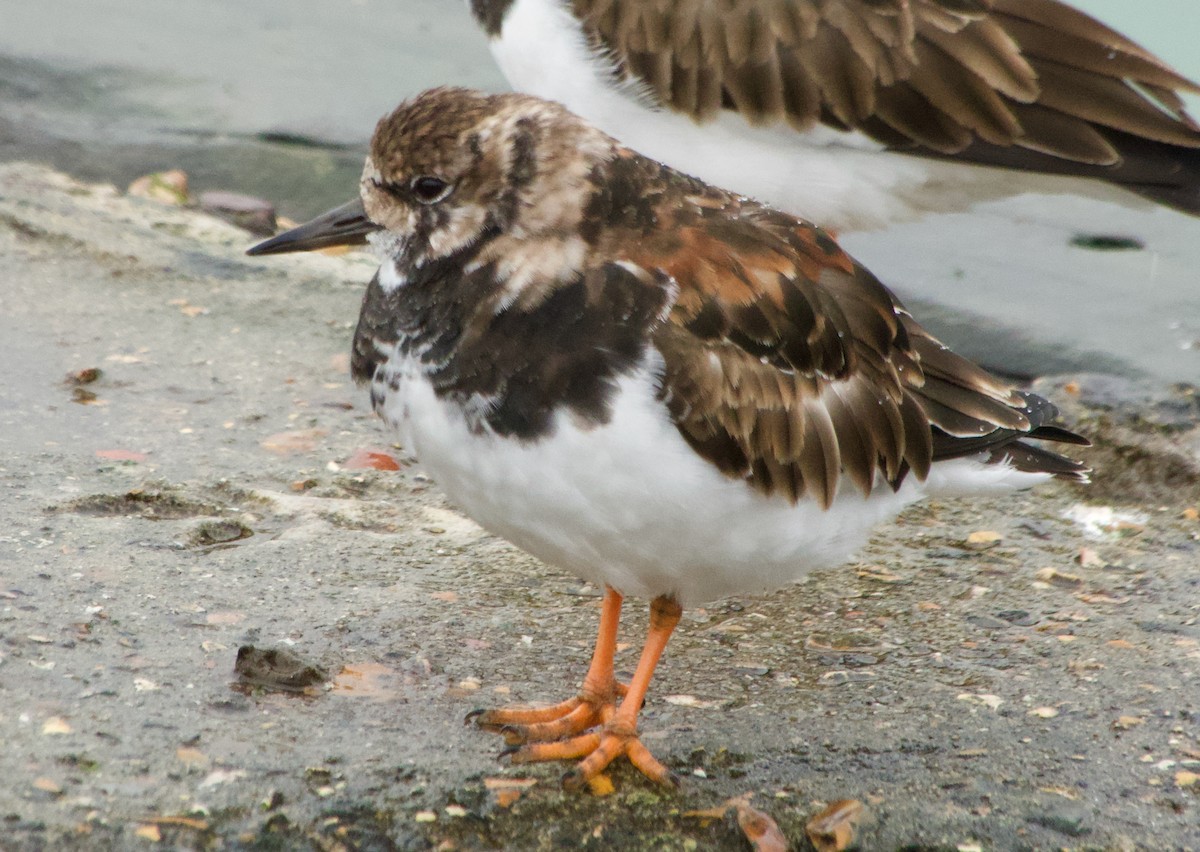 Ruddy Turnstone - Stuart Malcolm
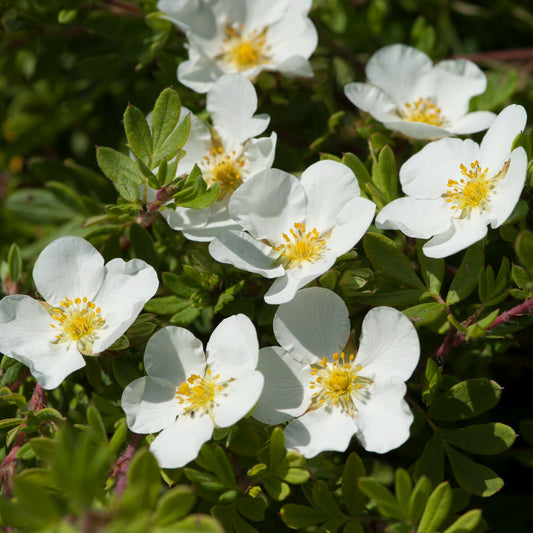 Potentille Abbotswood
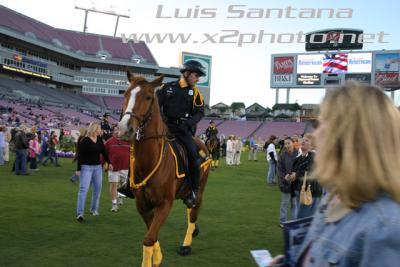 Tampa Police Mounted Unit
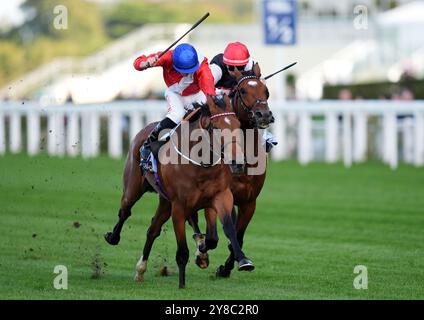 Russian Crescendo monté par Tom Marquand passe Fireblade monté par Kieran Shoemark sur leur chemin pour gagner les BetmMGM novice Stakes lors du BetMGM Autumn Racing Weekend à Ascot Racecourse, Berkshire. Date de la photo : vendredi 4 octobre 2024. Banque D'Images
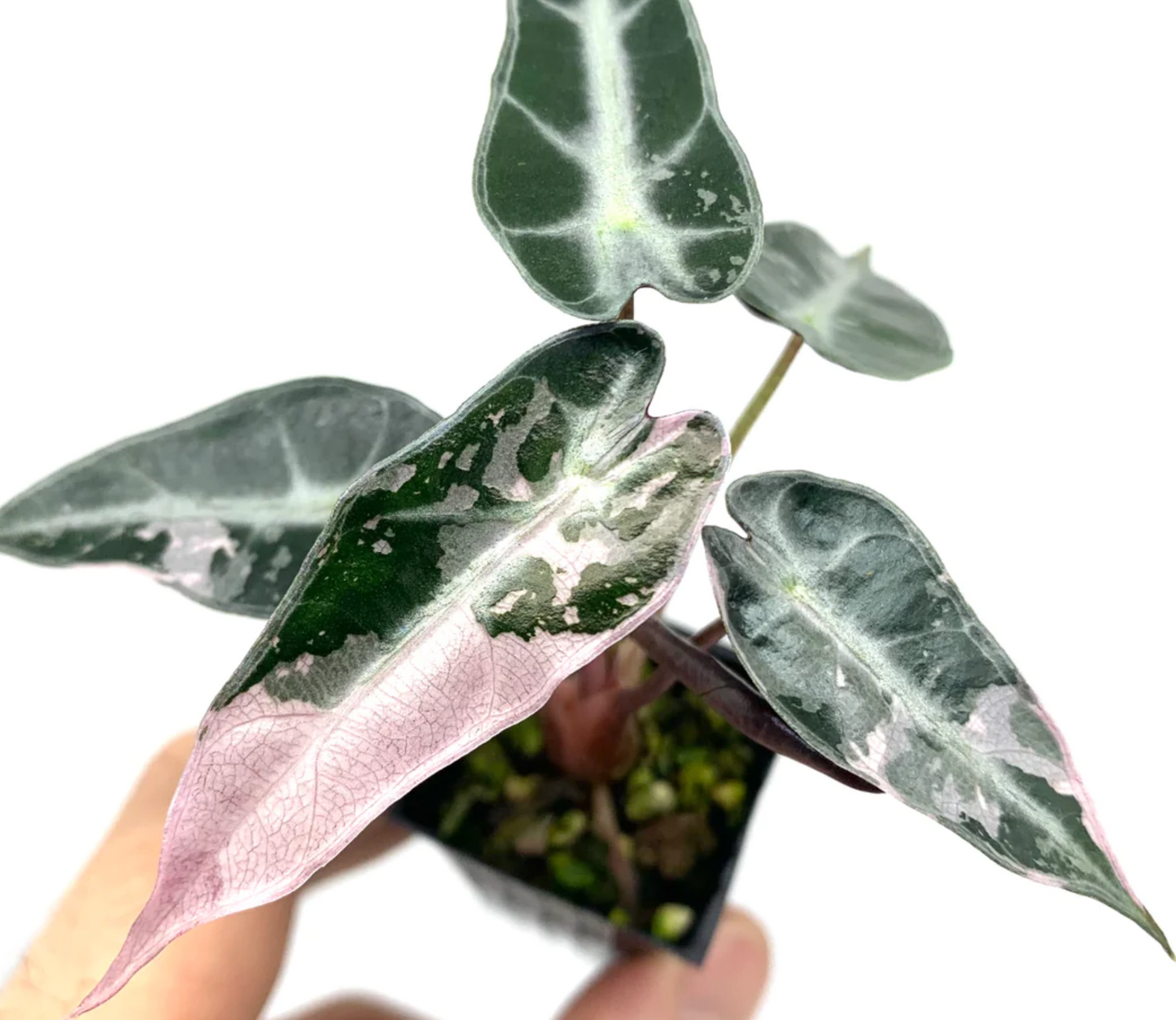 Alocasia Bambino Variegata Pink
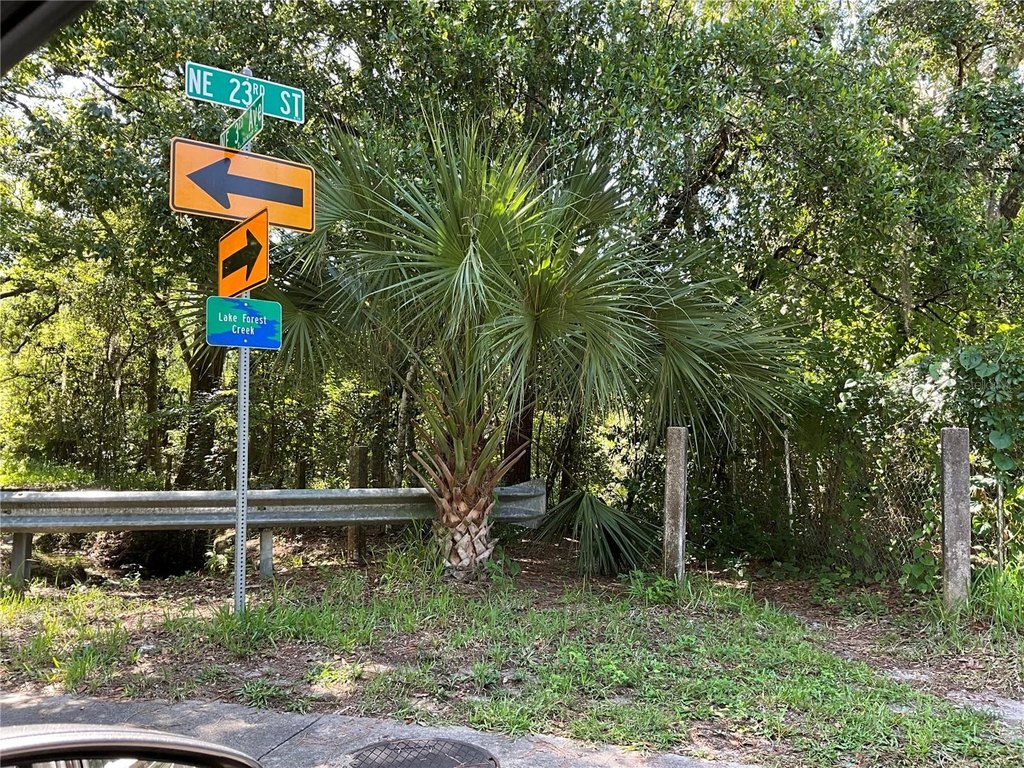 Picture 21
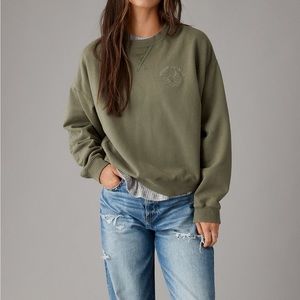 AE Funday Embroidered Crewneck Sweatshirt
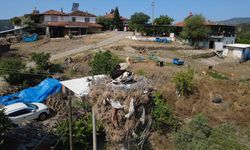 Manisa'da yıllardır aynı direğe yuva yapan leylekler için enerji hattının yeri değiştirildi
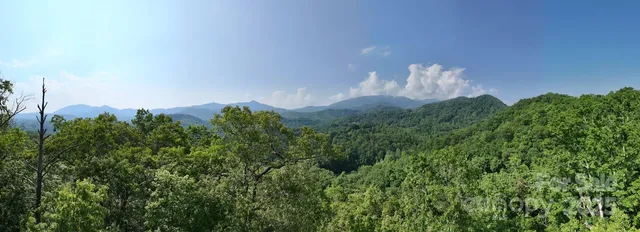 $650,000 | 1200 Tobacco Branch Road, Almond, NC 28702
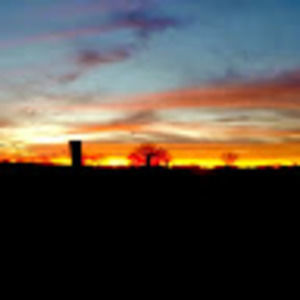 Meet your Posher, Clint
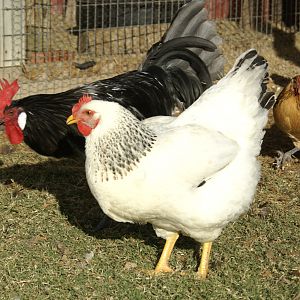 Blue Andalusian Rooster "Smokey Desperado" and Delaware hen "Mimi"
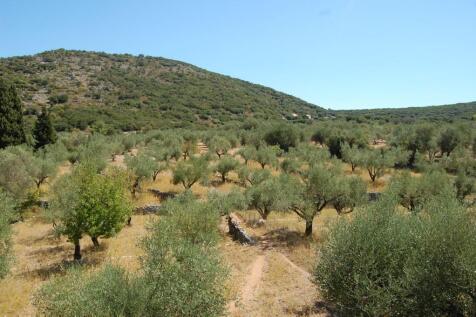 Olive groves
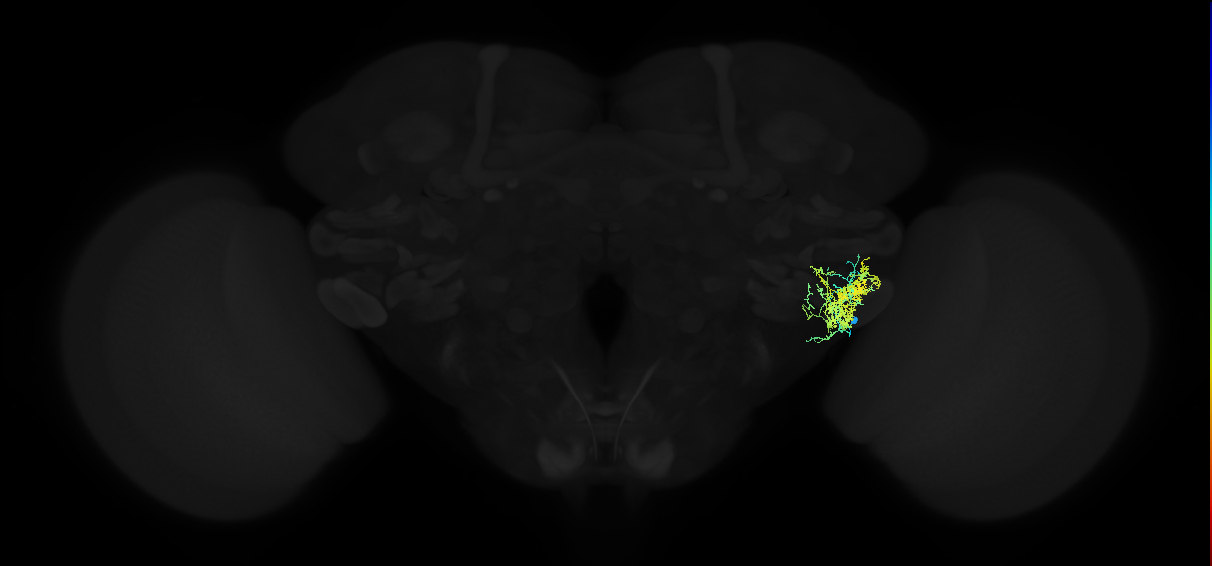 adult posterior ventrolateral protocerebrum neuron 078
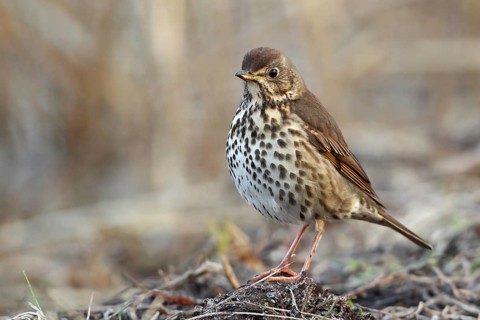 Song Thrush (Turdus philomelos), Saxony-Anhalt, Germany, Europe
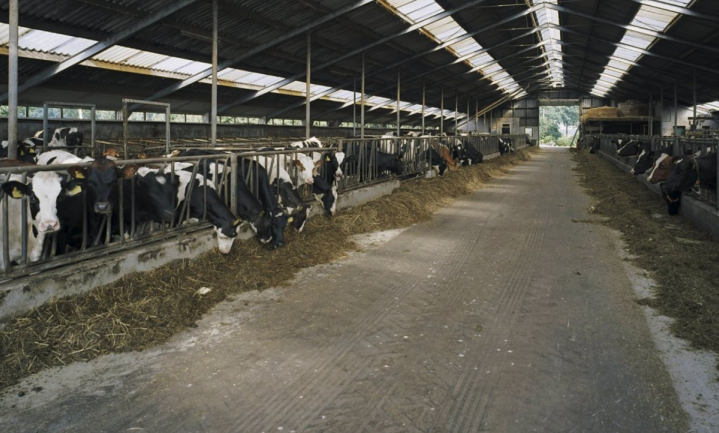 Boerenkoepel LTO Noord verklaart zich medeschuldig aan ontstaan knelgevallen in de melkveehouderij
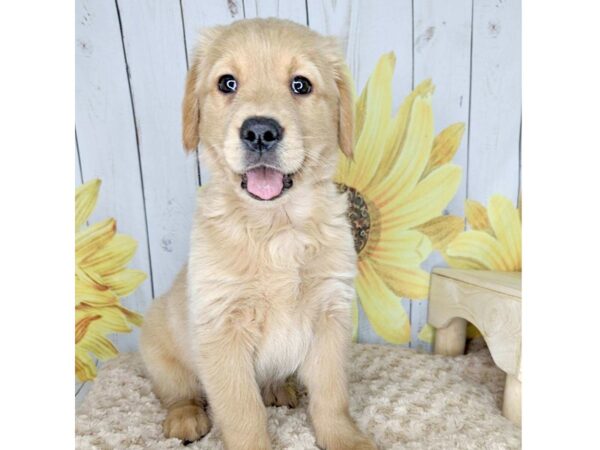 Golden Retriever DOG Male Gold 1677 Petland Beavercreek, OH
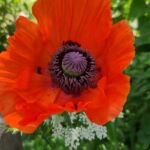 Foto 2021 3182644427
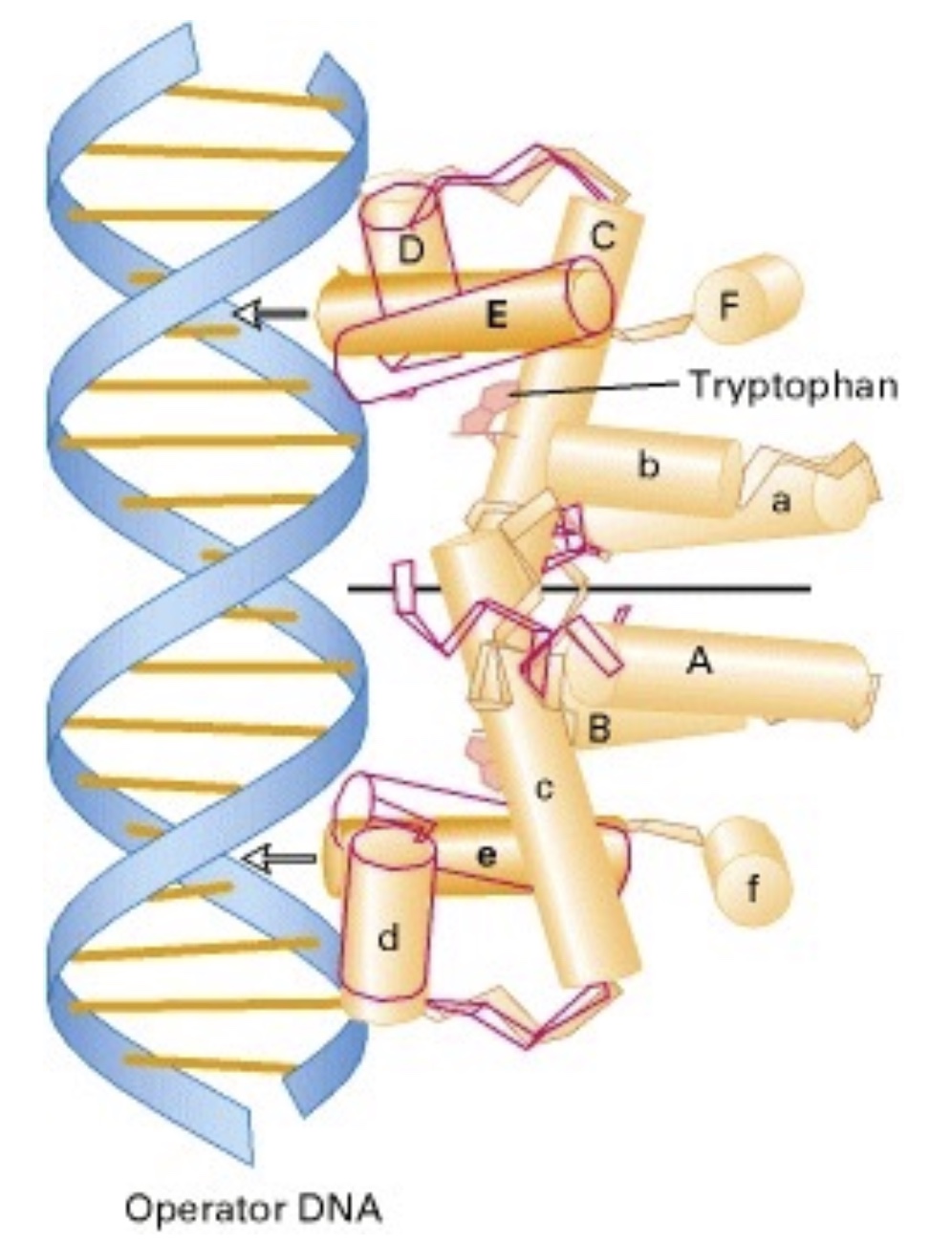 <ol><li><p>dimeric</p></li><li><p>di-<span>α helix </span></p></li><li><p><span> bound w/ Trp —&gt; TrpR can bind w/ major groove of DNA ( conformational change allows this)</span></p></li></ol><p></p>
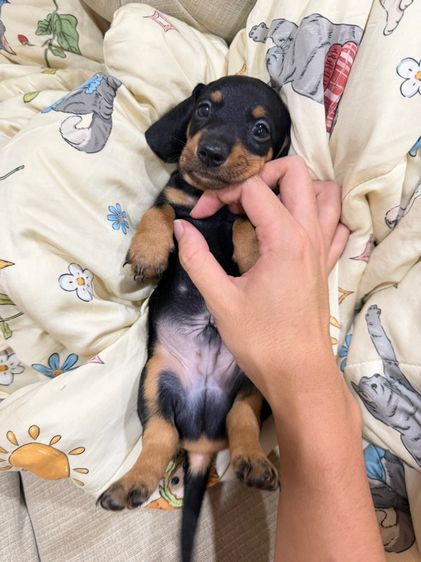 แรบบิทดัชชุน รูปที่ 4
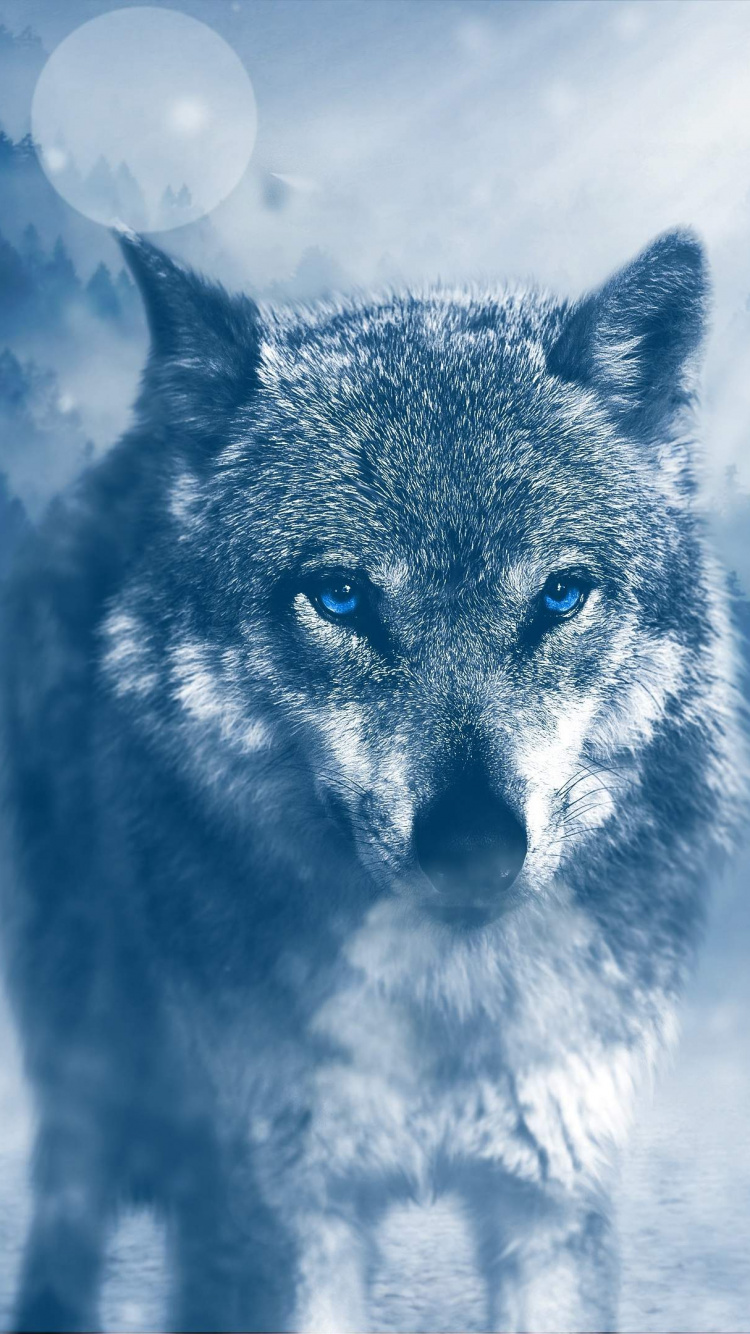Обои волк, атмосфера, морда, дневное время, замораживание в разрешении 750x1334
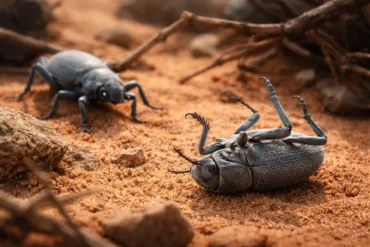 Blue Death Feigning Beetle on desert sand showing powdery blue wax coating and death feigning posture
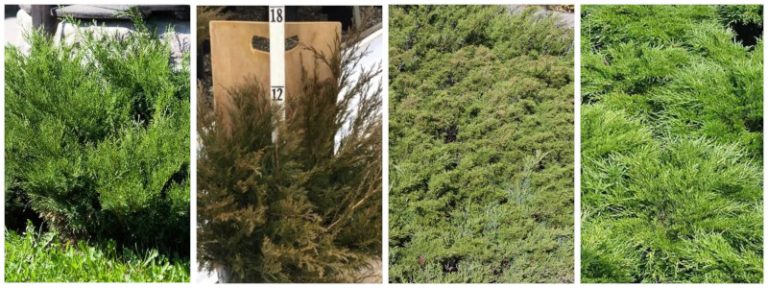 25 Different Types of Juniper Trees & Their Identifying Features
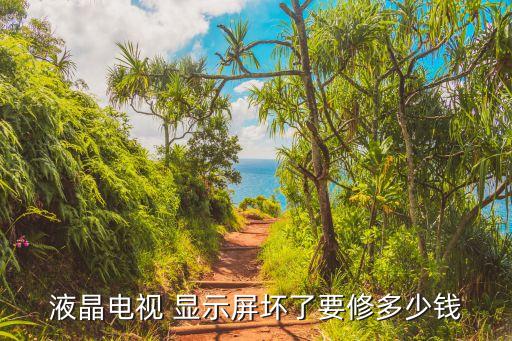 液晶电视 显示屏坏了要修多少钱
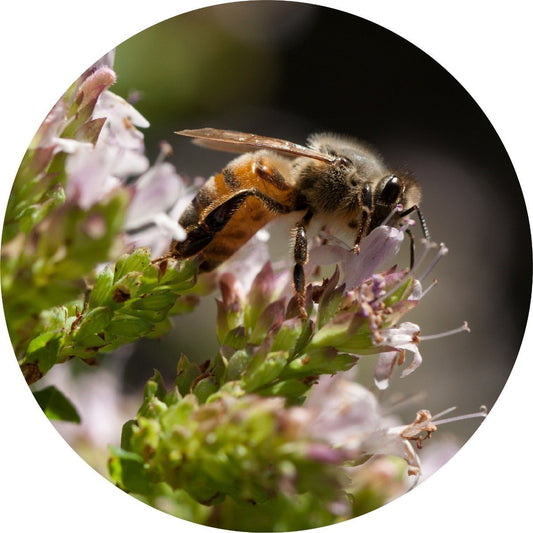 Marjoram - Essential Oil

========

WHAT YOU ARE ASKED TO DO: Go through the records and repeat each one exactly, skipping anything that is a picture.

RESULT OF THIS EXERCISE:
 Ruddy Turnstone - Stuart Malcolm
 Potentille Abbotswood
 Tampa Police Mounted Unit
 Russian Crescendo monté par Tom Marquand passe Fireblade monté par Kieran Shoemark sur leur chemin pour gagner les BetmMGM novice Stakes lors du BetMGM Autumn Racing Weekend à Ascot Racecourse, Berkshire. Date de la photo : vendredi 4 octobre 2024. Banque D'Images
 Alocasia Bambino Variegata Pink
 Picture 21
 AE Funday Embroidered Crewneck Sweatshirt
 Manisa'da yıllardır aynı direğe yuva yapan leylekler için enerji hattının yeri değiştirildi
 $650,000 | 1200 Tobacco Branch Road, Almond, NC 28702
 Meet your Posher, Clint
 Blue Andalusian Rooster "Smokey Desperado" and Delaware hen "Mimi"
 Olive groves
 adult posterior ventrolateral protocerebrum neuron 078
 Song Thrush (Turdus philomelos), Saxony-Anhalt, Germany, Europe
 Boerenkoepel LTO Noord verklaart zich medeschuldig aan ontstaan knelgevallen in de melkveehouderij
 Golden Retriever DOG Male Gold 1677 Petland Beavercreek, OH
 Foto 2021 3182644427
 <ol><li><p>dimeric</p></li><li><p>di-<span>α helix </span></p></li><li><p><span> bound w/ Trp —&gt; TrpR can bind w/ major groove of DNA ( conformational change allows this)</span></p></li></ol><p></p>
 แรบบิทดัชชุน รูปที่ 4
Обои волк, атмосфера, морда, дневное время, замораживание в разрешении 750x1334
 Blue Death Feigning Beetle on desert sand showing powdery blue wax coating and death feigning posture
 25 Different Types of Juniper Trees & Their Identifying Features
 液晶电视 显示屏坏了要修多少钱
 Marjoram - Essential Oil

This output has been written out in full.